The changes due to the types of elements added in this test are outlined below. In this test, the relative permittivity (ε′) was calculated from the change in resonant frequency when a rod-shaped sample (glass G) heated to a predetermined temperature was inserted into the cavity resonator 53, and the relative dielectric loss (ε″) was calculated from the change in peak value. The dielectric tangent (tan(σ)=ε″/ε′) was derived from the relative permittivity (ε′) and the relative dielectric loss (ε″). Note that this value is not a quantitative value but a relative value compared to a reference sample (low-OH silica glass).
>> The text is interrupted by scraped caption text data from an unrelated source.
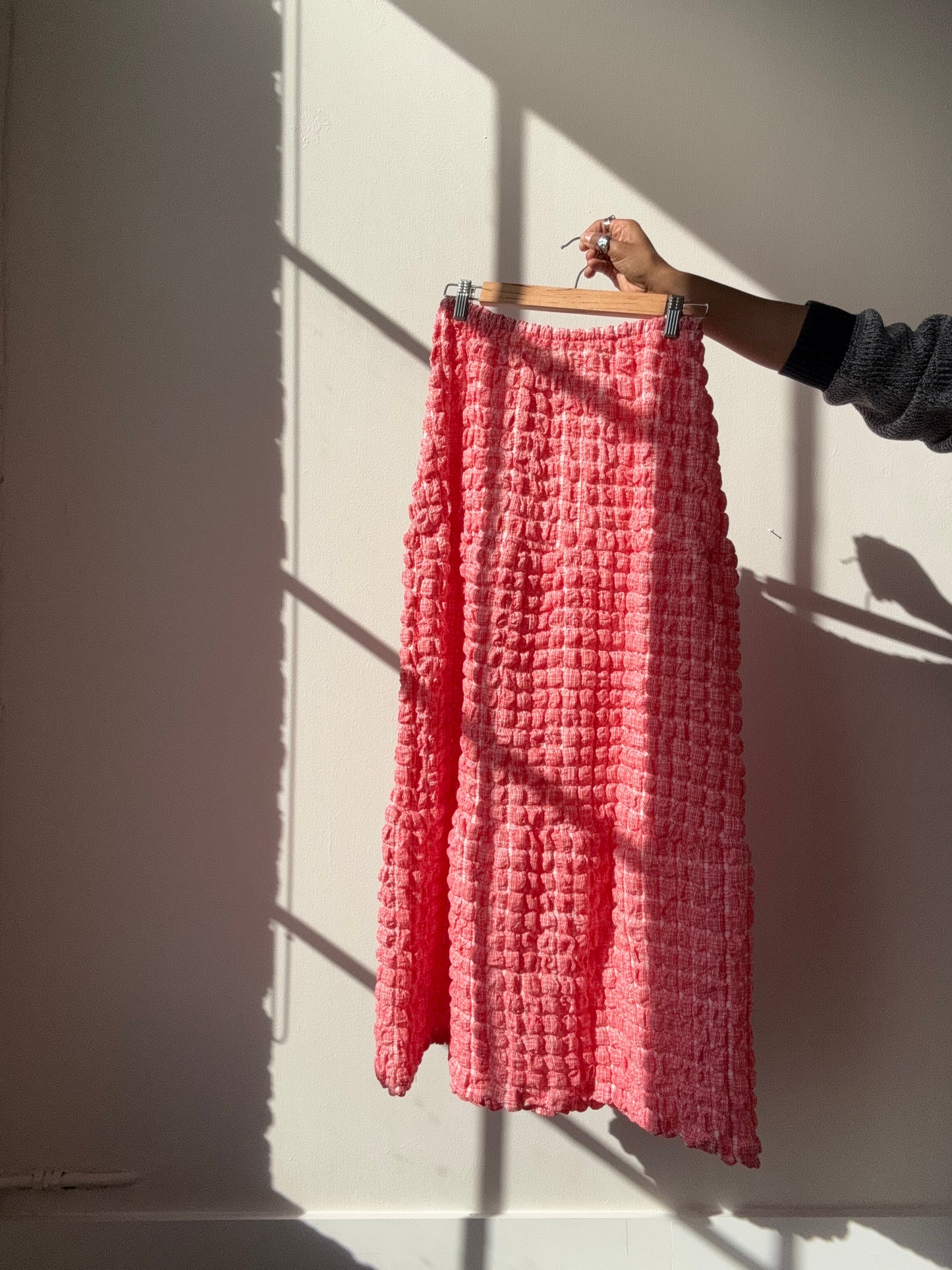 Beth Bubble Waffle Maxi Skirt In Cherry
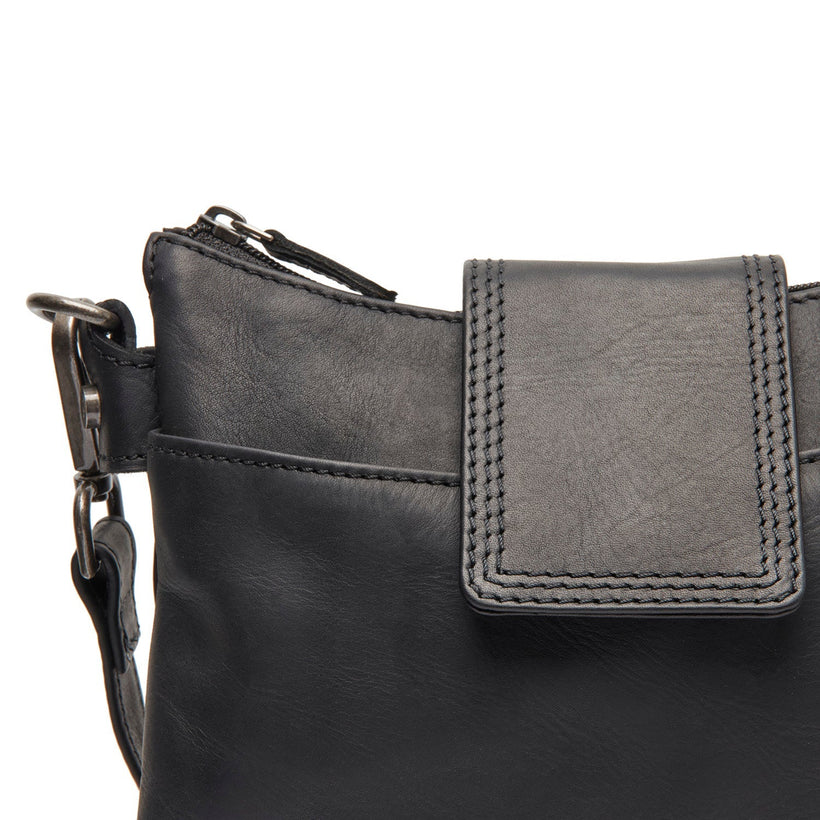 Calora Full-Grain Leather Shoulder Bag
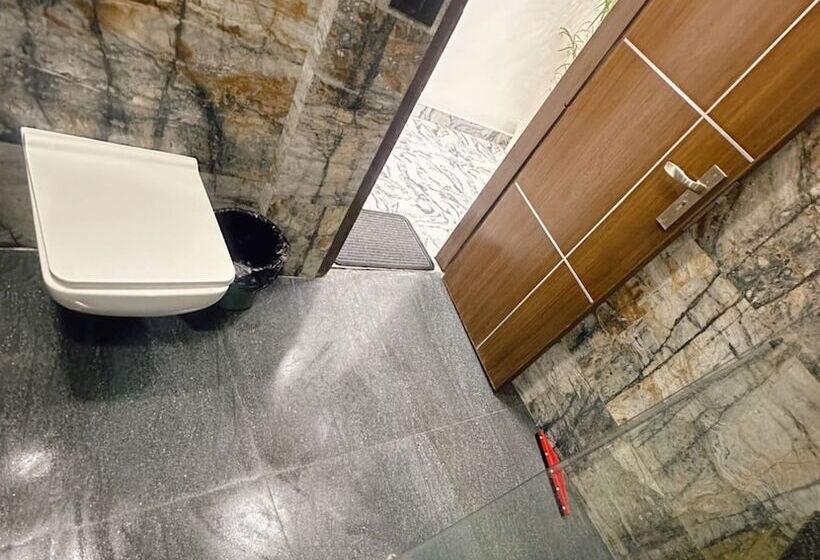 酒店 Goroomgo Omasha Residency Noida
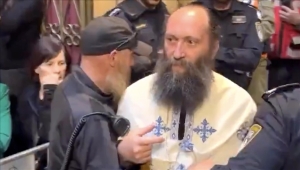 شرطة إسرائيل تعتدي على مسيحيين فلسطينيين في كنيسة القيامة بالقدس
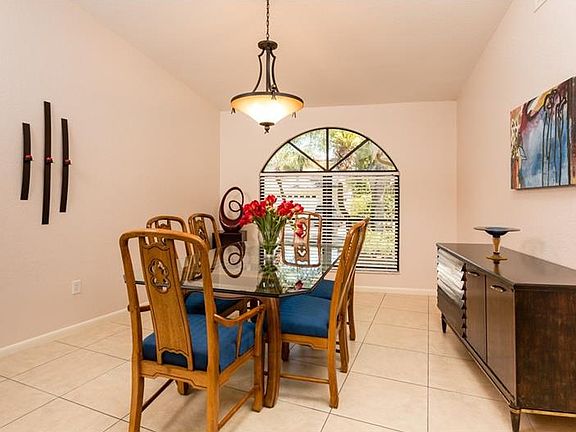 5th image of 822 Marco Dr NE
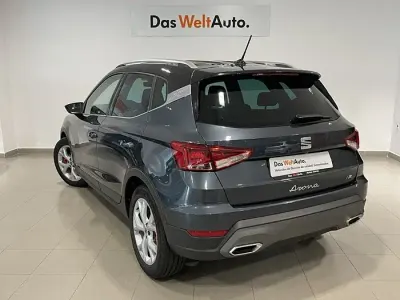 Usado Seat Arona FR 115 CV (84 kW) 2024 Gris SUV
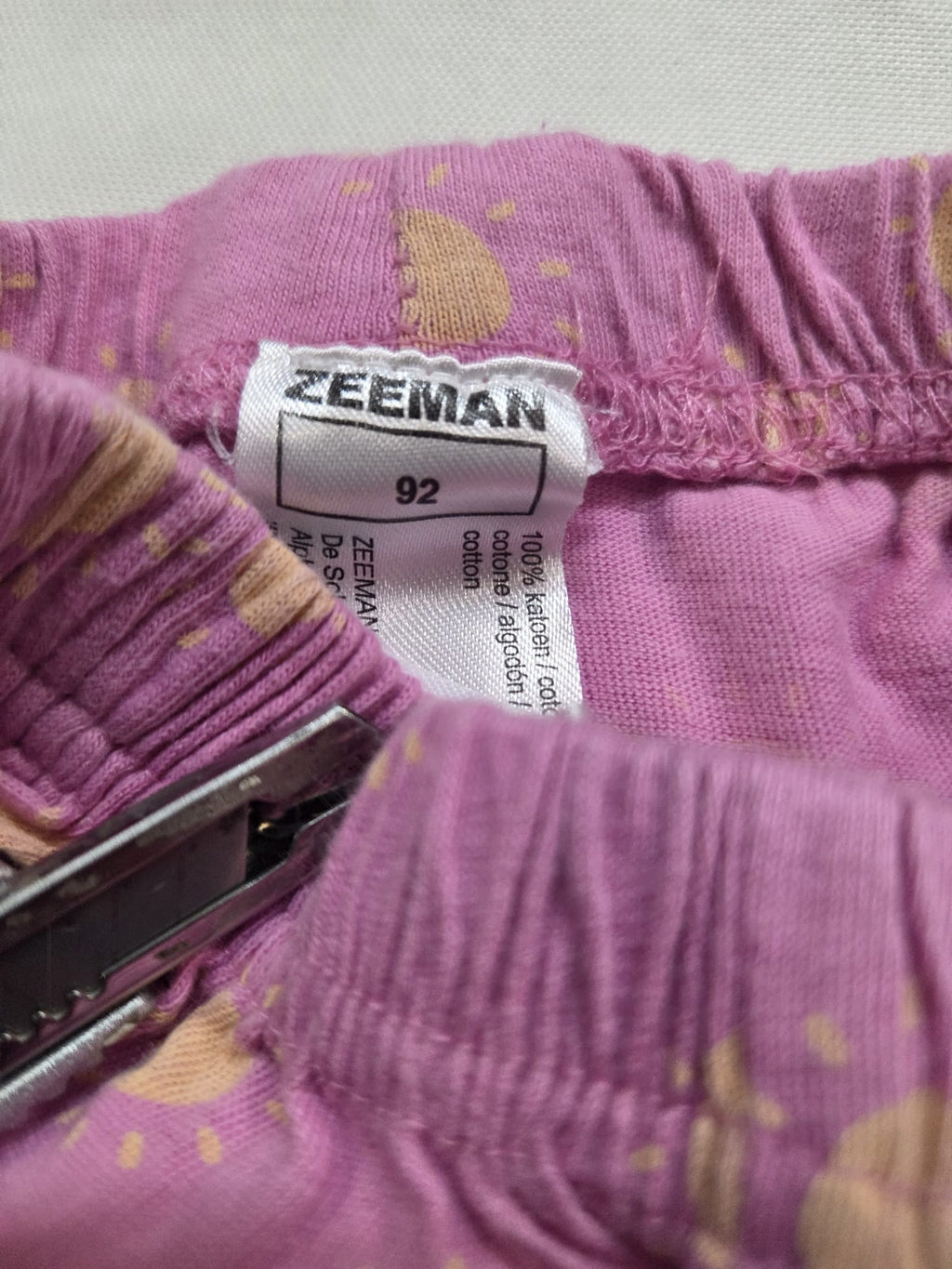Pantalón corto / Short de verano para niña Zeeman – Talla 92 (1,5 - 2 años) - Estampado Soles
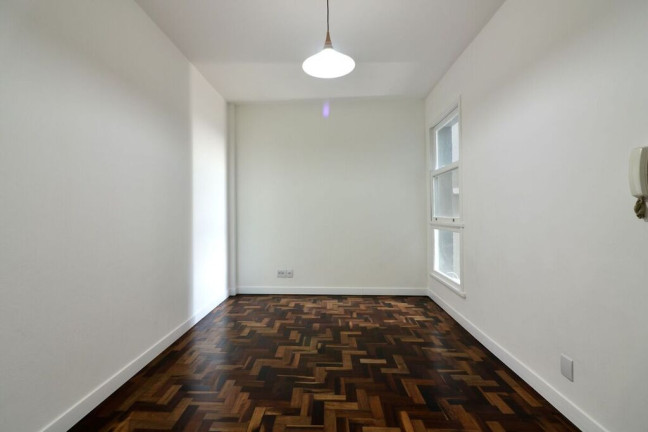 Imagem Apartamento com 1 Quarto à Venda, 45 m² em Centro Histórico - Porto Alegre Imagem Apartamento com 1 Quarto à Venda, 45 m² em Centro Histórico - Porto Alegre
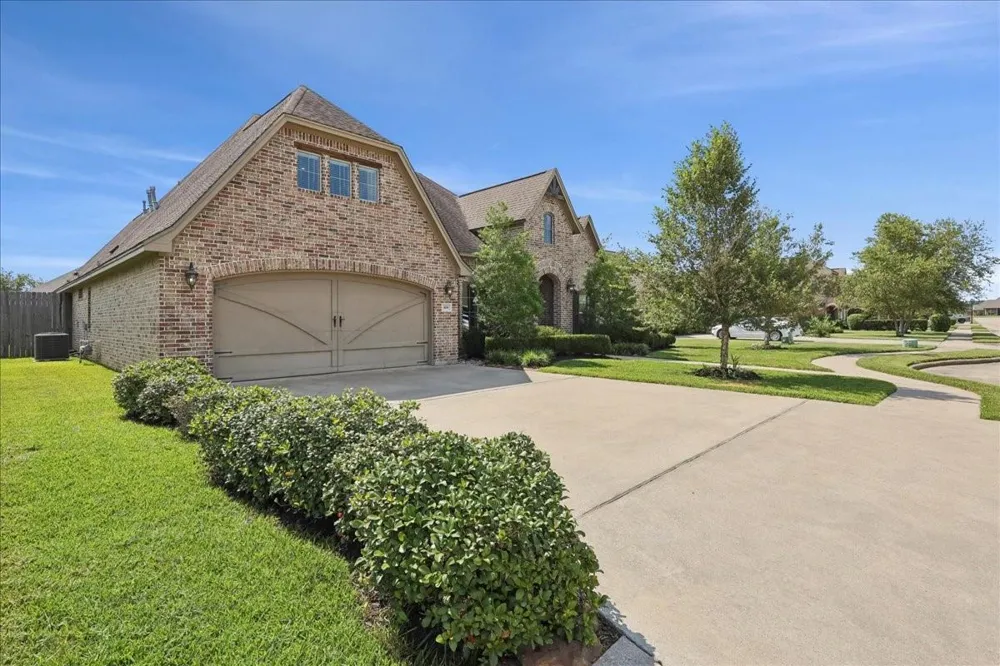 404 Birch View Drive Lumberton, TX 77657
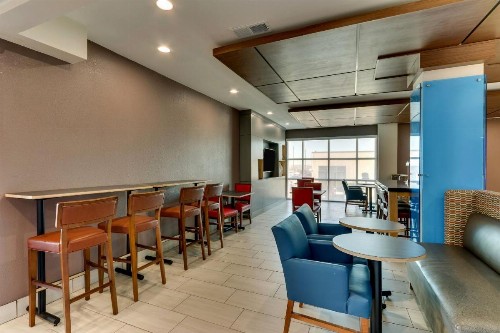 Holiday Inn Express Lake Worth NW Loop 820 an IHG Hotel - image 10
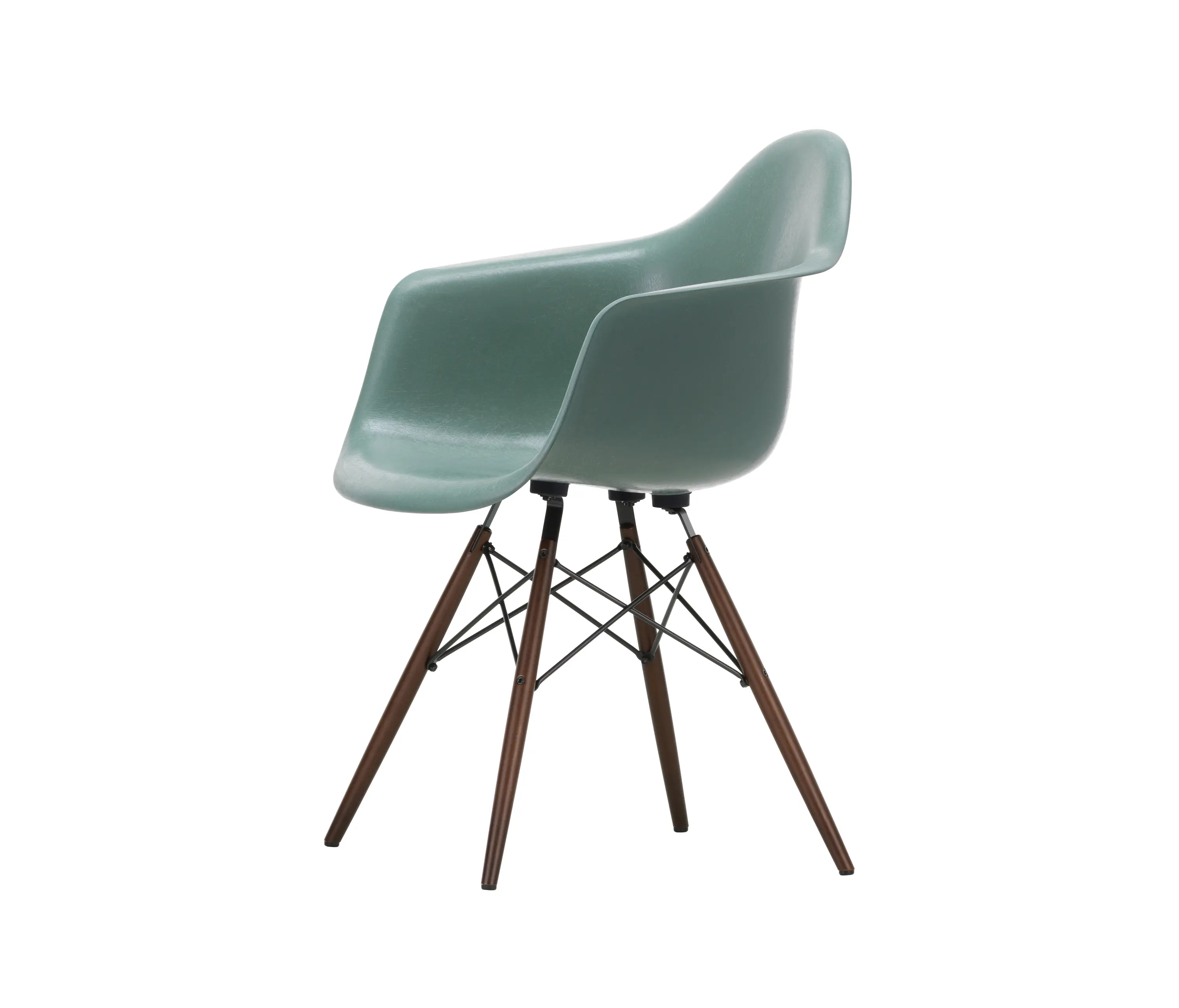 Vitra - Eames Fiberglass Armchair DAW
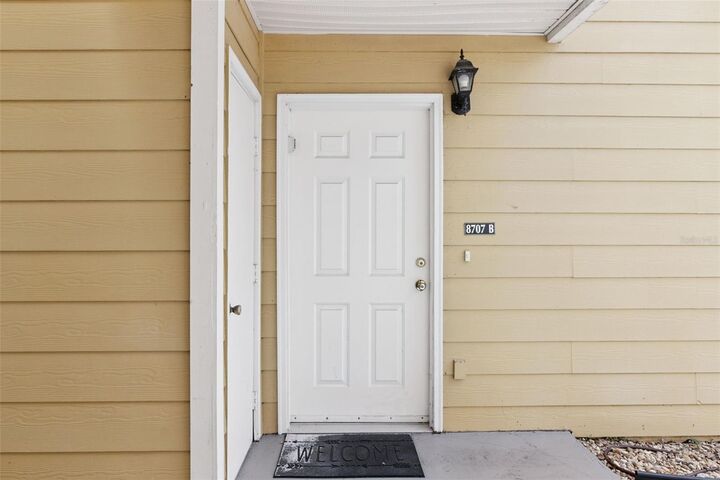 Property Photo: 8707 Knightsbridge Court B FL 34747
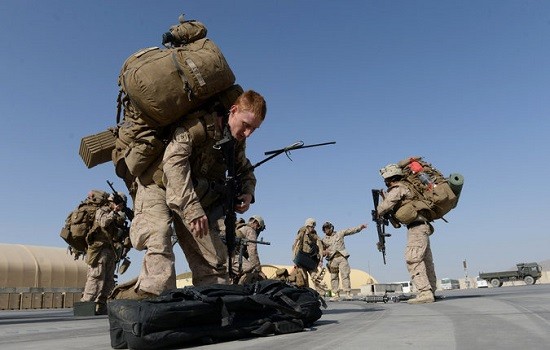 Lính Mỹ ở Kandahar, Afghanistan năm 2014 sau khi rút khỏi một khu quân sự ở tỉnh Helmand, nơi các lực lượng Afghanistan hiện đang bị Taliban bao vây. Ảnh: Gettyimages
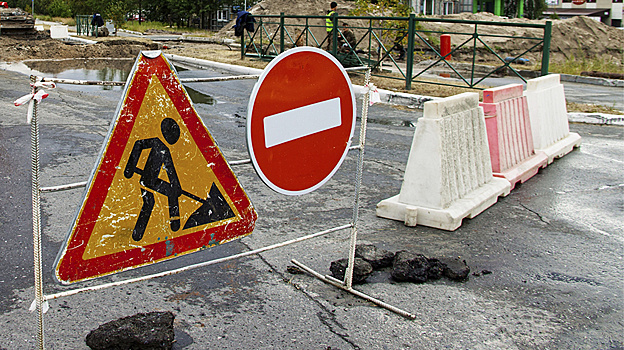 В Ноябрьске до осени продлили перекрытие улицы Советской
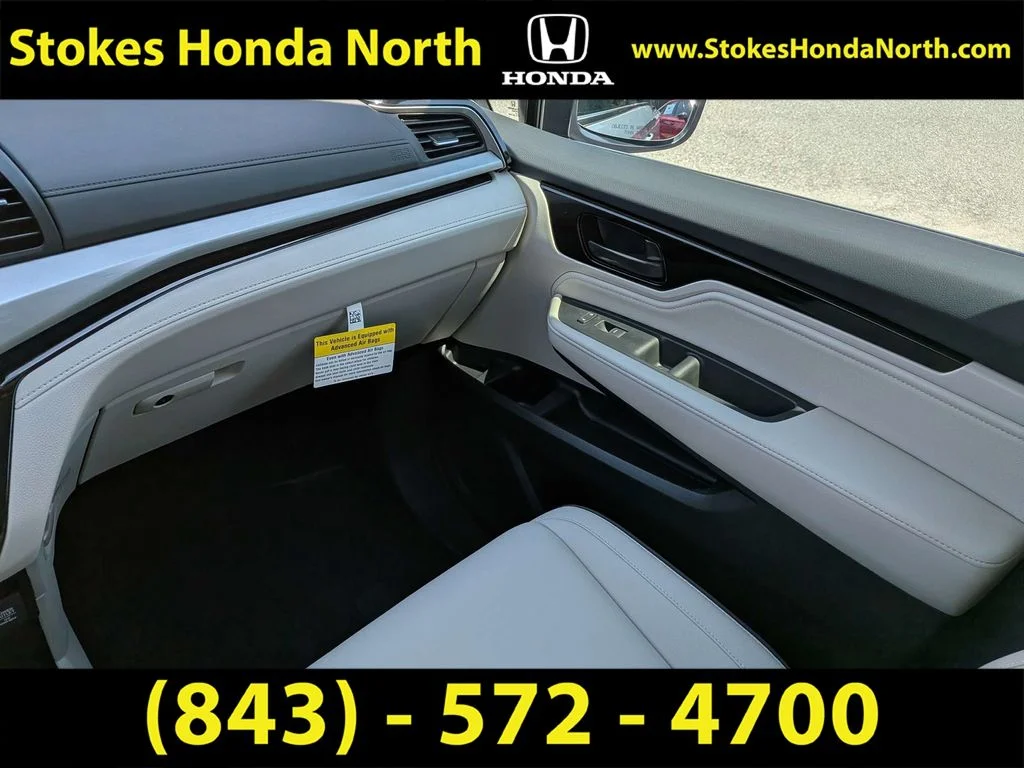 Used 2026 Silver Honda EX-L image 22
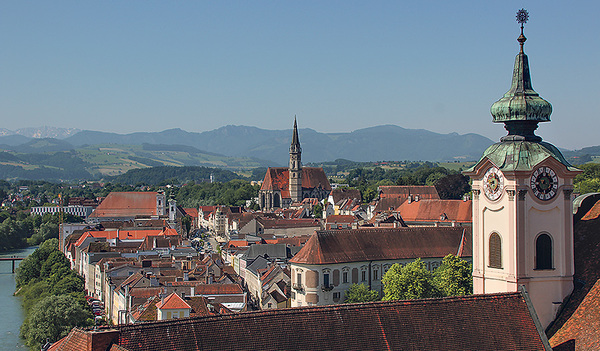 Blick auf das Zentrum von Steyr: Hinten in der Mitte die Stadtpfarrkirche, vorne rechts ein Turm von St. Michael.  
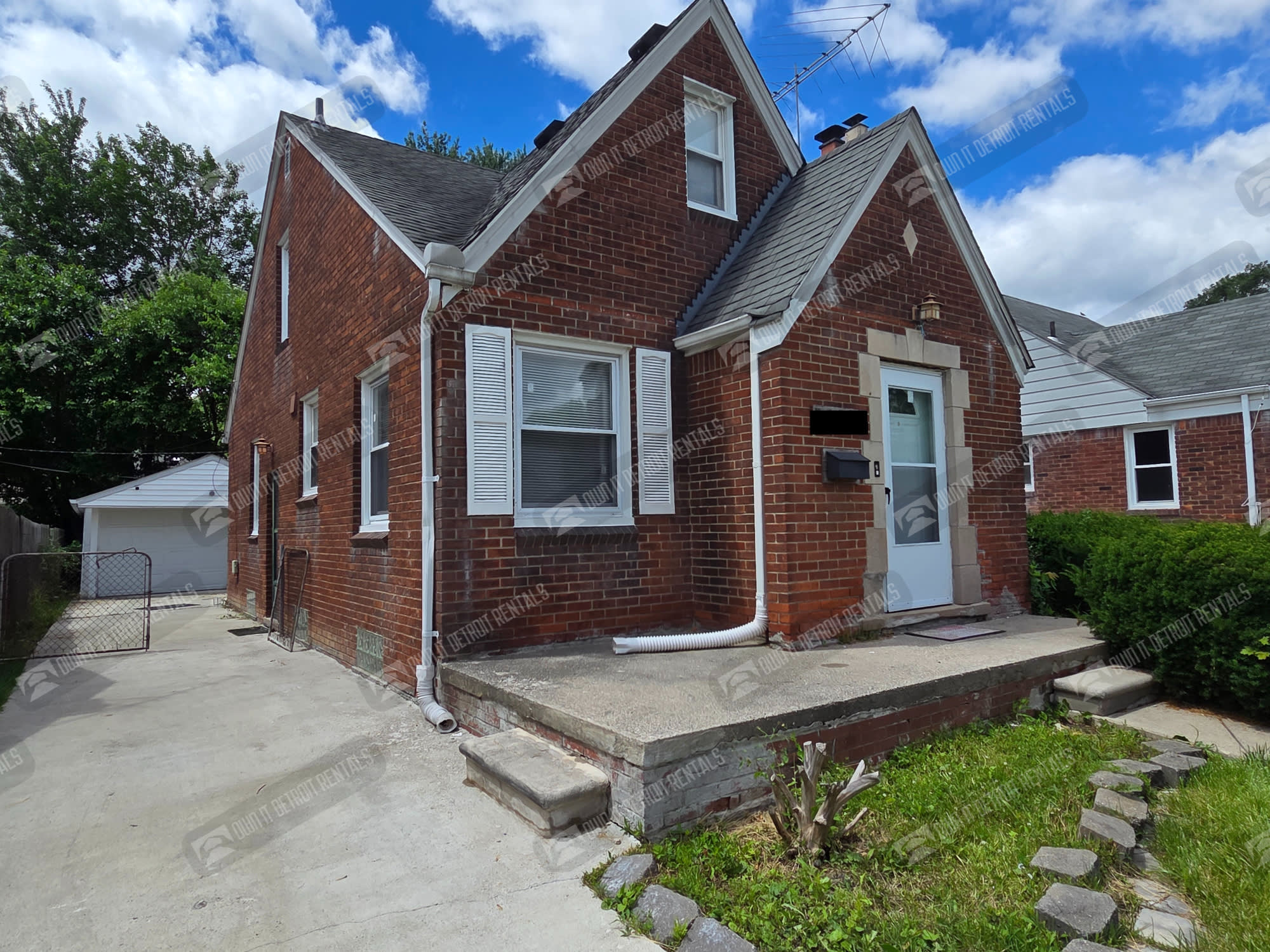 20252 Roscommon St – photo 2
The results are developed mainly on the temperature characteristics of tan(σ).

(0) Reference Sample: Low-OH (Less Than 50 ppm) Silica Glass (Impurity Elements Other Than OH Are Below the Detection Limit of 10 ppm)

This reference sample was heated to around 1300°° C., and tan(σ) was calculated. As shown in FIGS. 5 to 7, the calculated tan(σ) was less than 0.01 even at around 1300° C.

(1) Sample With Halogen Element Added: Silica Glass With Fluorine Added to the Above Reference Sample

As shown in FIG. 5, in this sample, the amount of fluorine added was changed to 0.5 mol %, 3.5 mol %, and 7 mol %, and each sample was heated to around 1300°° C., and tan(σ) was calculated for each amount. The calculated tan(σ) began to increase to 0.01 or more in the range of 800° C. to 1000° C. It is assumed that tan(σ) also begins to increase to 0.01 or more in the range of 800° C. to 1000° C. for other halogen elements (e.g., chlorine).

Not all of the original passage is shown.